Meeting Mother Teresa is something most Catholics would have considered an incredible honor and a blessing. But Donna-Marie Cooper O’Boyle, a U.S. author, blogger and retreat director, through a turn of providence spent years in friendship and spiritual direction with her.
In her new book, “Mother Teresa and Me: Ten Years of Friendship” (Circle Press, $14.95), Cooper O’Boyle offers a close-up look at Mother Teresa, her work, and a side of her that few people knew.
Cooper O’Boyle, author of “Catholic Prayer Book for Mothers” (OSV, $6.95) and “Grace Café: Serving Up Recipes for Faithful Mothering” (Circle, $14.95), recently spoke with OSV about her friendship with Blessed Teresa, which was built on one phone call, a dozen meetings and 22 letters from the saint of Calcutta.
Our Sunday Visitor: I love the scene in your book where you’re not expecting to meet Mother Teresa, and then there she is with you at Mass. I think you capture how any one of us might feel if we realized a living saint was in such close proximity. But what happens later is almost too good to be true. What was it like?
Donna-Marie Cooper O’Boyle: She walked right past me, and I almost couldn’t believe it. The feeling was a combination of almost disbelief, a peace that filled my soul and ecstatic joy. I could never have imagined that we would have any exchanges with Mother Teresa in any way. First was the beautiful warm hug that she gave [my daughter] Chaldea, and then, after Mass, she came directly to me and asked me about my littlest one, Jessica. I was astounded and at the same time overcome with incredible peace to have her so near. I had no doubt that she was a saint.
OSV: How did you go from that moment in Washington to a correspondence and then friendship?
Cooper O’Boyle: After we left the convent and headed home to Connecticut, I pondered all of the blessings. I wanted to write Mother Teresa a letter of thanks, but I didn’t want to take up her time. So, I contacted the mother superior when I got home to ask her. She told me to go ahead, and I took that as God’s message to me. That’s how the correspondence started.
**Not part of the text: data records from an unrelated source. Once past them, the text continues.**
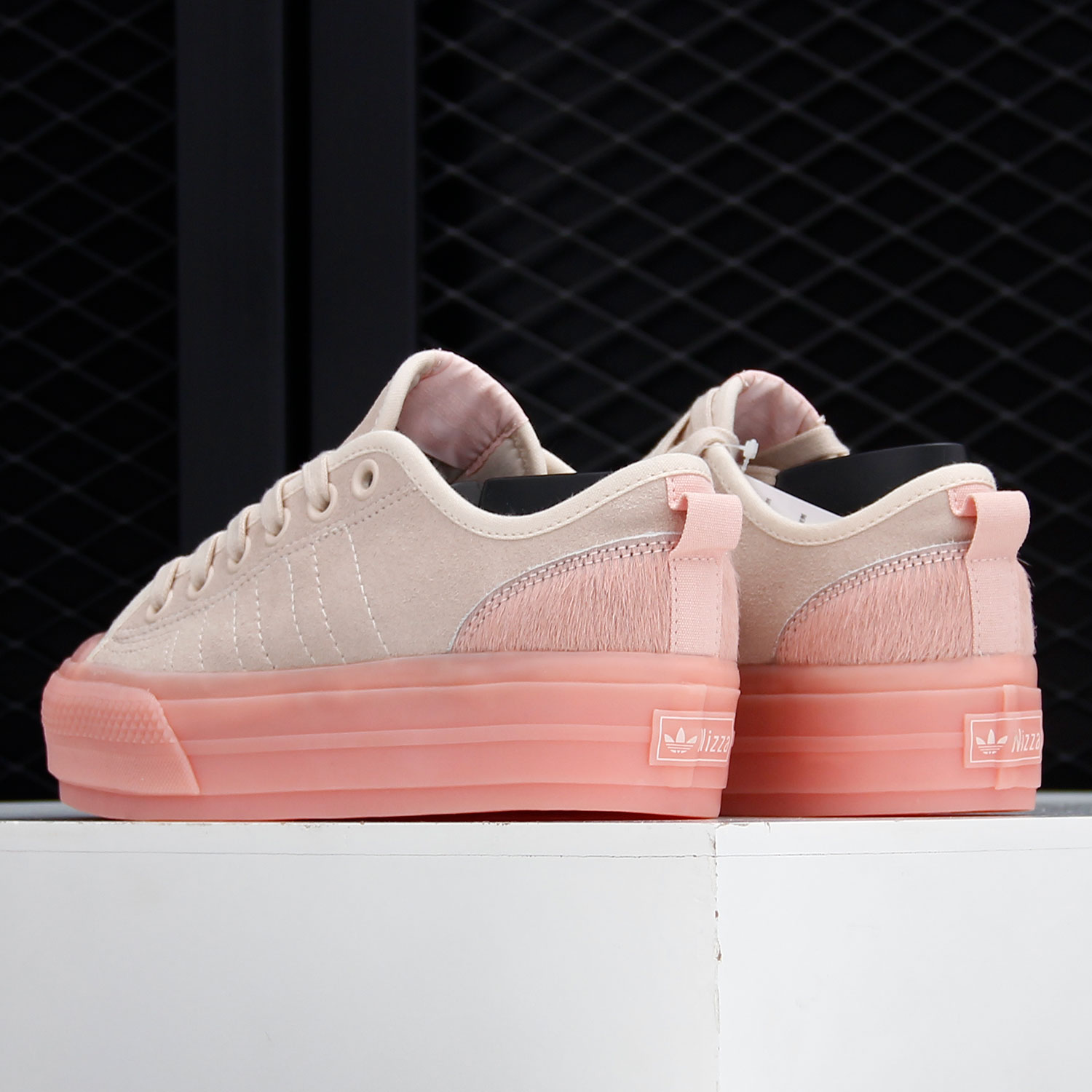 Adidas Genuine Originals Women - Adidas Shoes Gazelle 评论和价格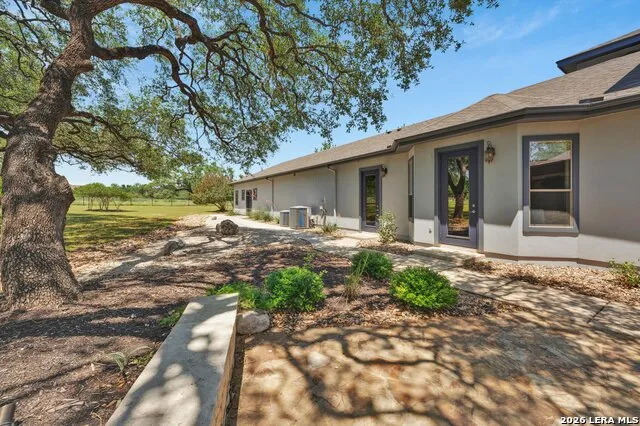 10319 Oak Forest New Braunfels, TX 78132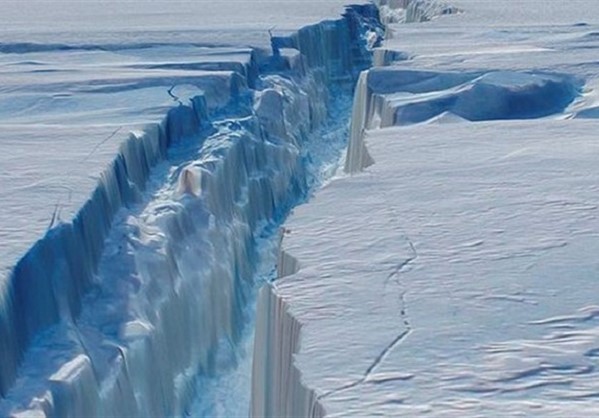 Ανταρκτική: Υπό κατάρρευση γιγαντιαίο παγόβουνο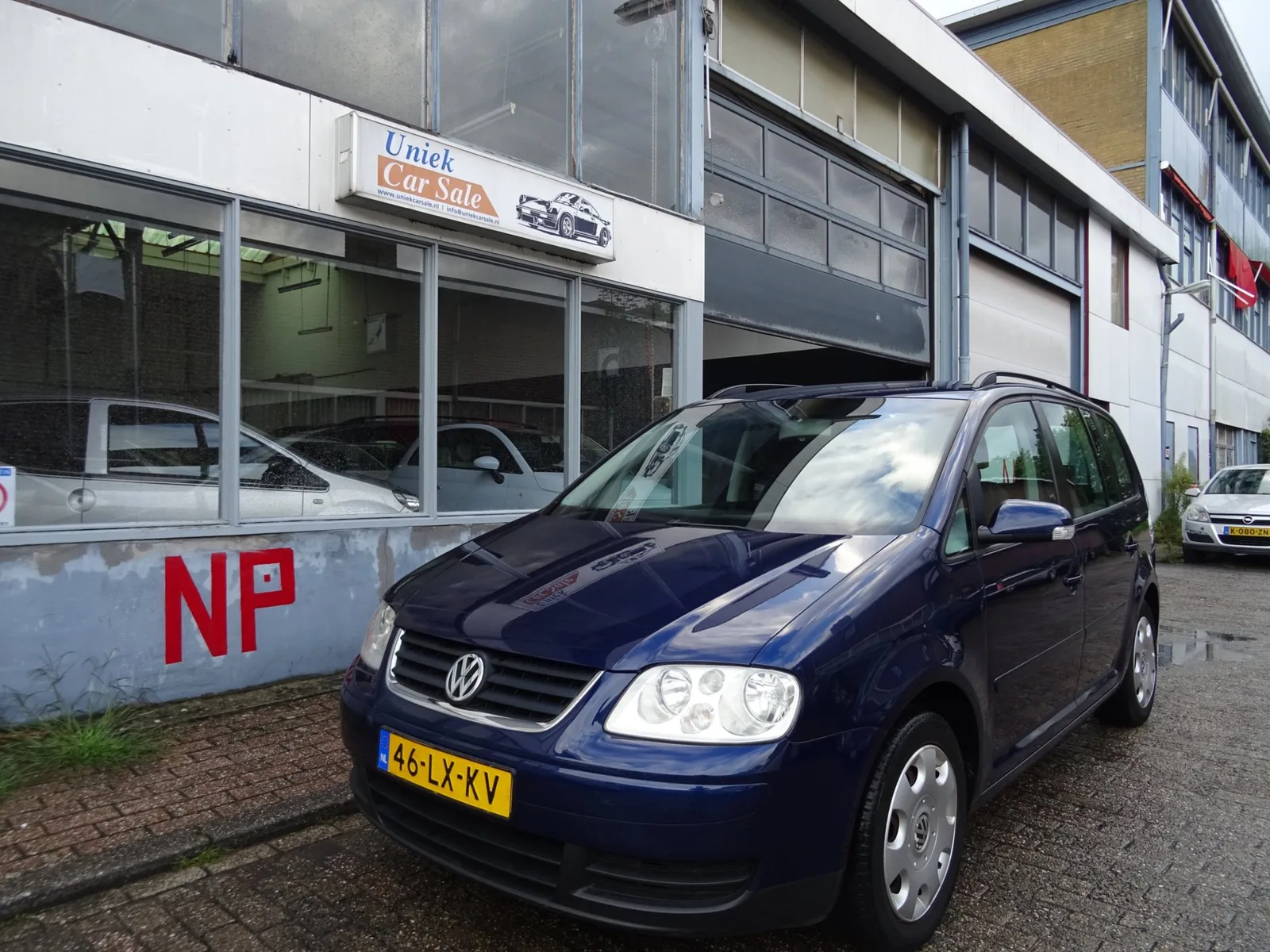 Volkswagen Touran (2003) — foto 1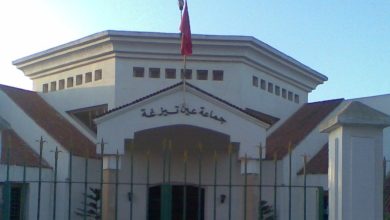 صورة تبادل السب والشتم داخل جماعة عين تيزغة وشكايات نحو القضاء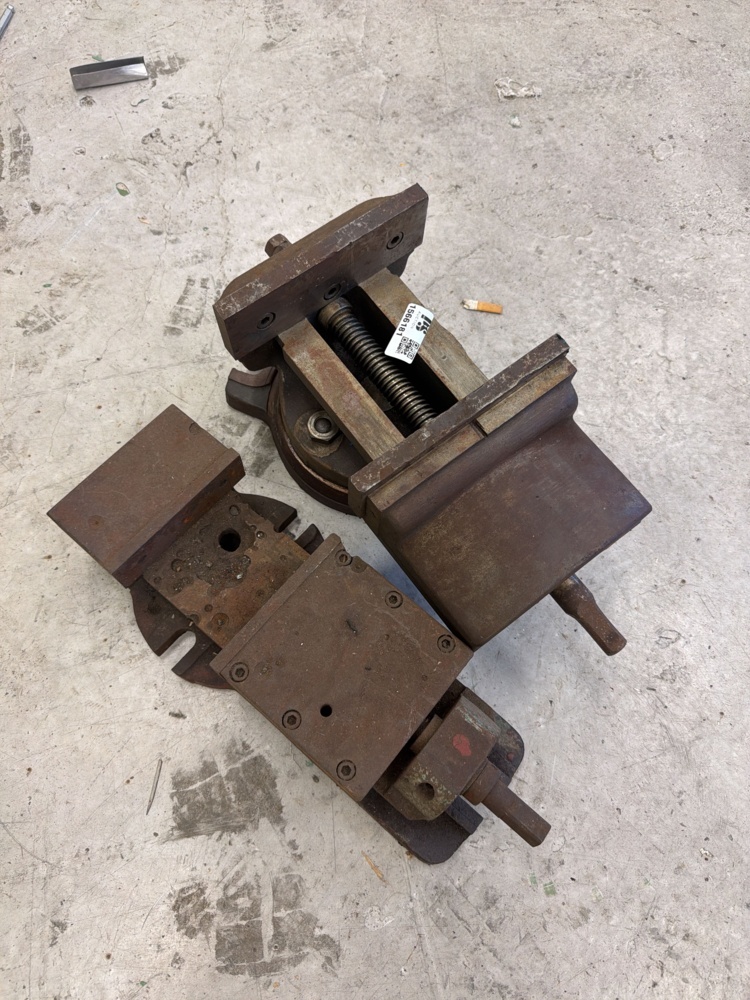 1566181-1 Machine vices – 2 pcs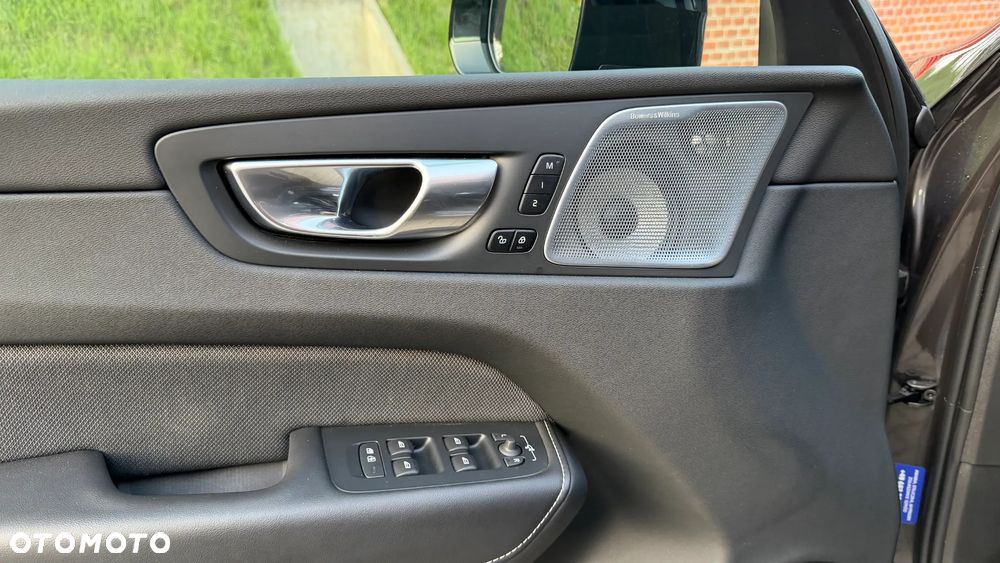 Volvo XC 60 B5 B AWD Ultra Black Edition - 12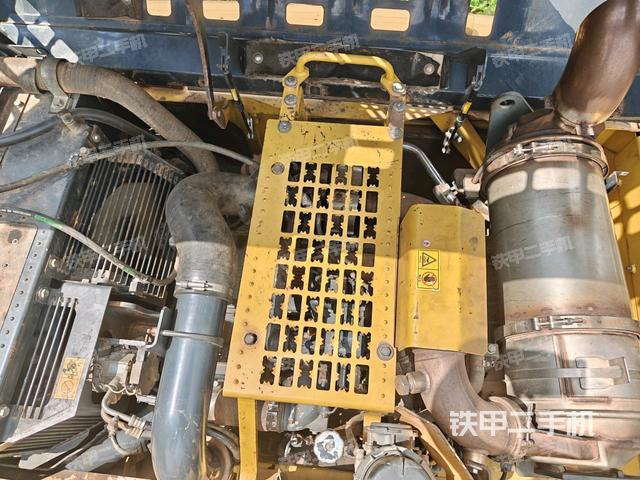 發(fā)動(dòng)機(jī)室(上車(chē)部件) 發(fā)動(dòng)機(jī)室(上車(chē)部件)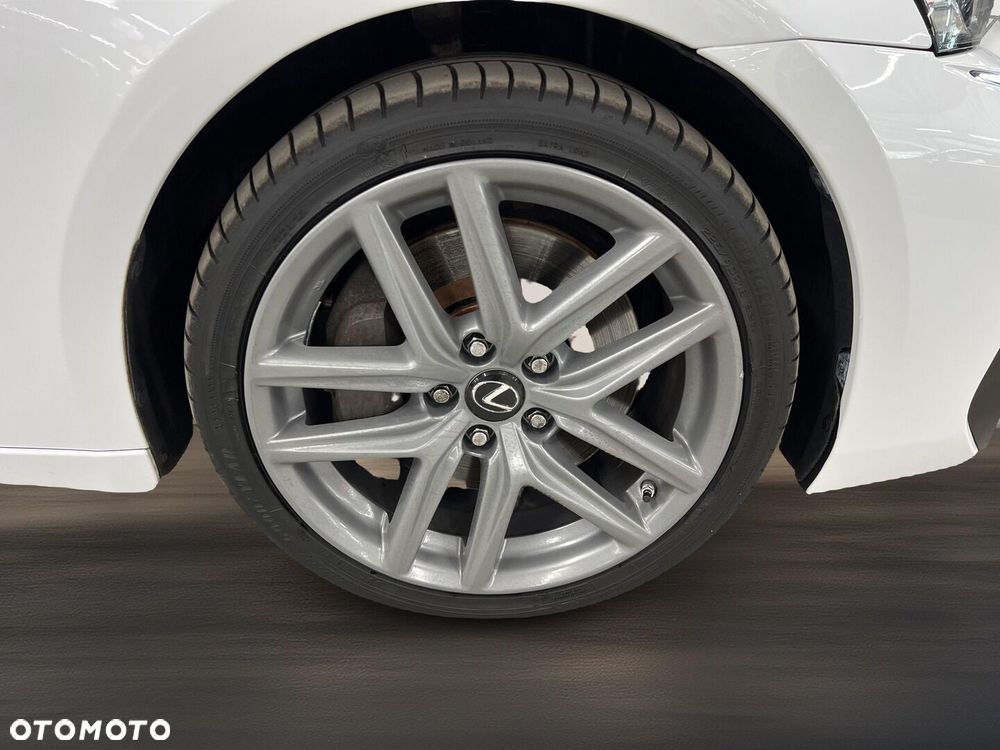 Lexus IS 200t F Sport - 21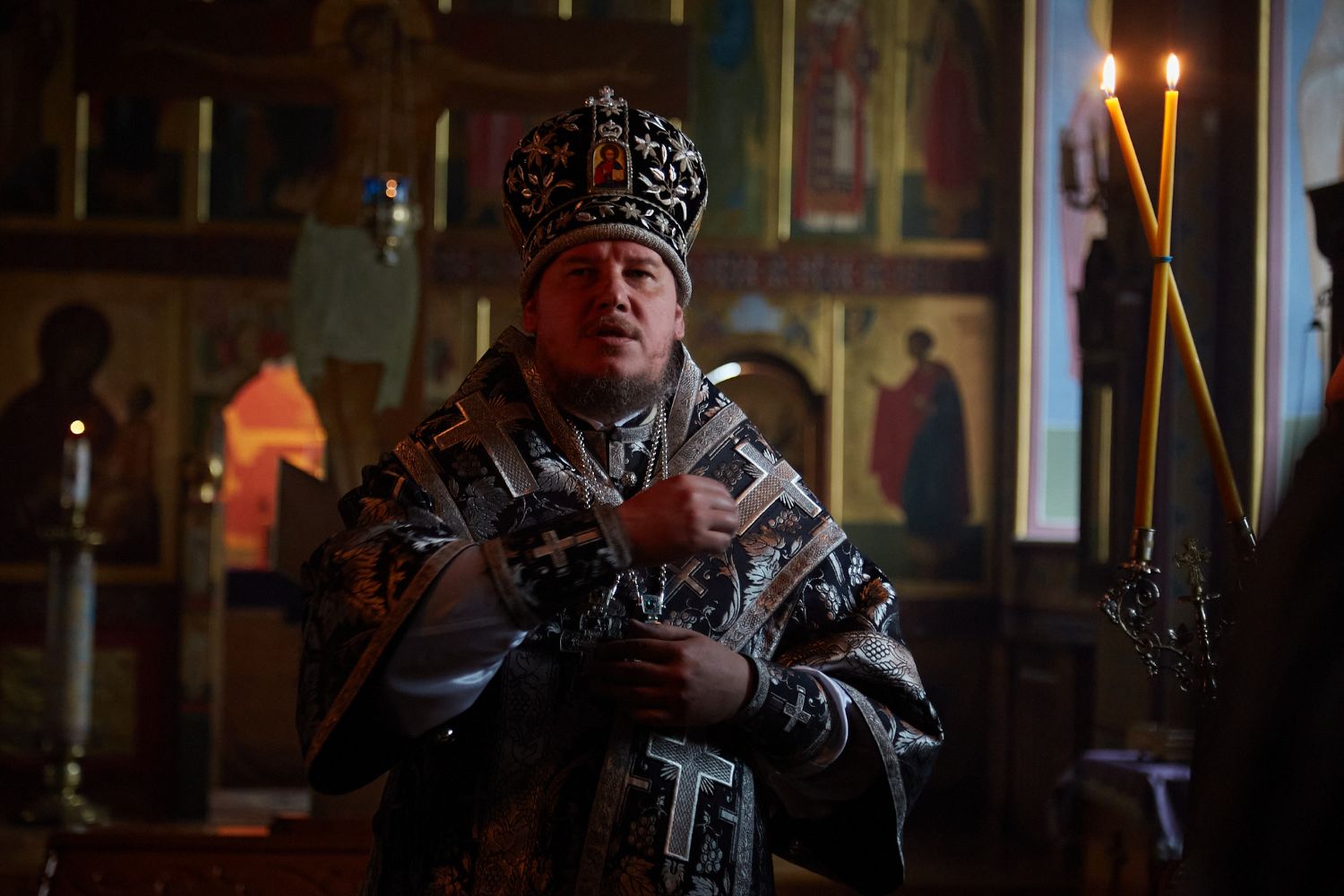 Епископ Колпашевский и Стрежевской Филарет возглавил Пассию в Богоявленском соборе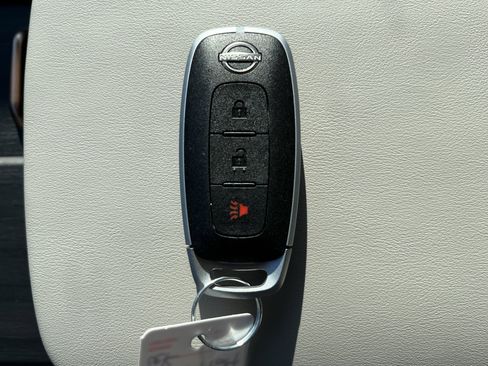 Used 2023 Nissan Ariya AWD image 33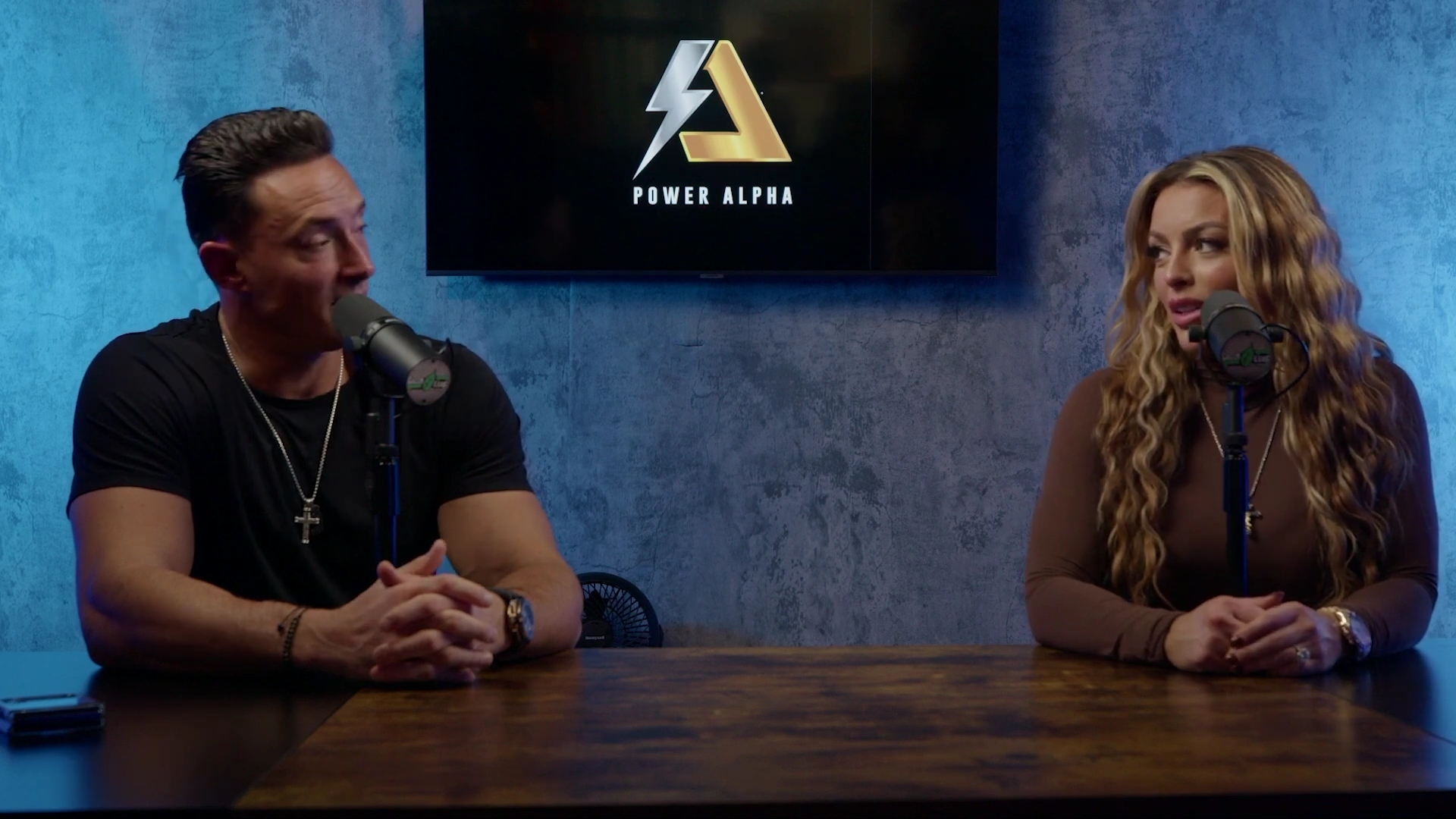 x2mate_com-Ep_9_-_Power_Alphas_Podcast___28Mandy_Saccomanno___Sabby_Piscitelli29-281080p29_mp42640.jpg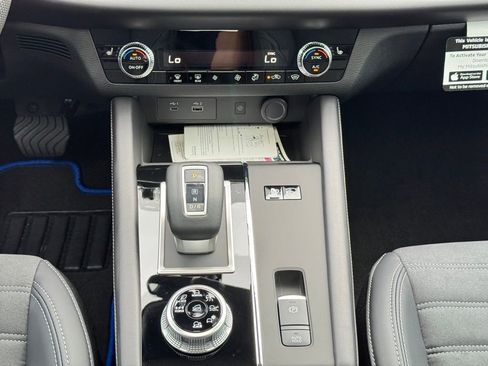 New 2025 Mitsubishi Outlander SE image 20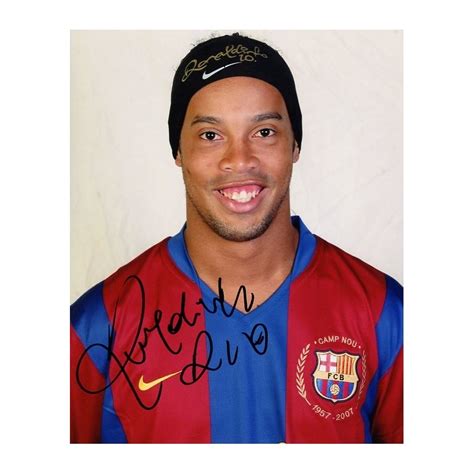 Signed Autograph RONALDINHO - All-Autographes.com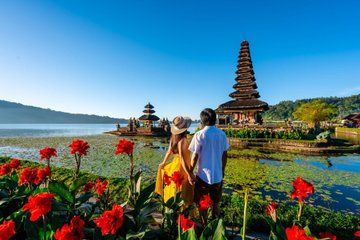 Bedugul: Ulun Danu, Handara Gate & Leke-Leke Falls Experience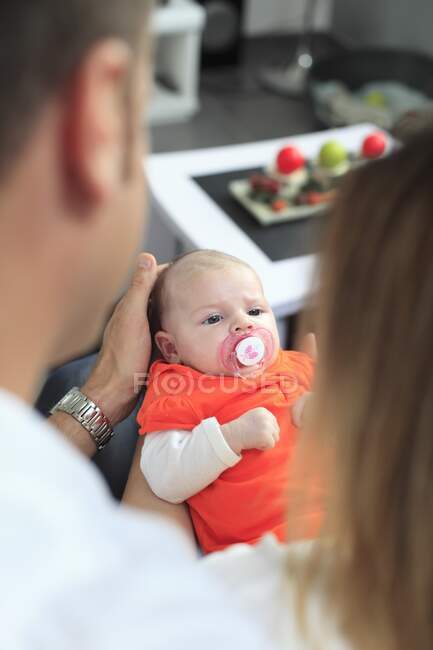 França, casal olhando para o bebê — Fotografia de Stock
OSV: Another one of my favorite scenes is when you are in Harlem (in New York) preparing a meal for the homeless. I love the moment when you are peeling a bruised pear, keeping the good parts, and a Missionary of Charity hands you back the piece you had discarded, signaling there was more that you could salvage. That scene seems like it took you out of your comfort zone. How did the relationship affect your day-to-day life? How did it change you?
Cooper O’Boyle: Yes, I love that moment too. It was so profound, yet so simple. I realized how much the sisters relied on Divine Providence for everything and would never waste even a crumb or a portion of anything. My relationship with Mother Teresa impacted my daily life in that I was striving to live the Gospel message as she did — but in my own walk of life. I became a lay Missionary of Charity and encouraged others to do so as well. I was striving for a deeper holiness still. How did my relationship with Mother Teresa change me? I think by calling me to an even deeper relationship with God. By keeping me on task, if you will.
OSV: Most of us think of Mother Teresa with a sense of awe. To imagine her taking the time to talk with and write to a mom here in the United States tells us a lot about her.
Cooper O’Boyle: She believed totally in the one by one by one, which is how I try to live my life. Each person that you encounter, everything that happens, there are no coincidences. Whoever God has put you with, that’s where you work out your salvation. He sanctifies those moments of interaction and exchanges, depending on how we respond. Do we respond in love? Through prayer and love. I feel that that’s where the sanctification happens.
Mother Teresa, she dealt with each person as they came. These people that God put into her life, she treated as Jesus in the distressing disguises of the poorest of the poor. She loved each one as Jesus, and that’s where all the amazing transformations happen.
OSV: What is the greatest lesson you learned from her?
Cooper O’Boyle: That’s hard to put into words. But I think the most important ones are to love, to respond in love and to treat everyone as Jesus. The greatest lesson is to love.
Mary DeTurris-Poust writes from New York.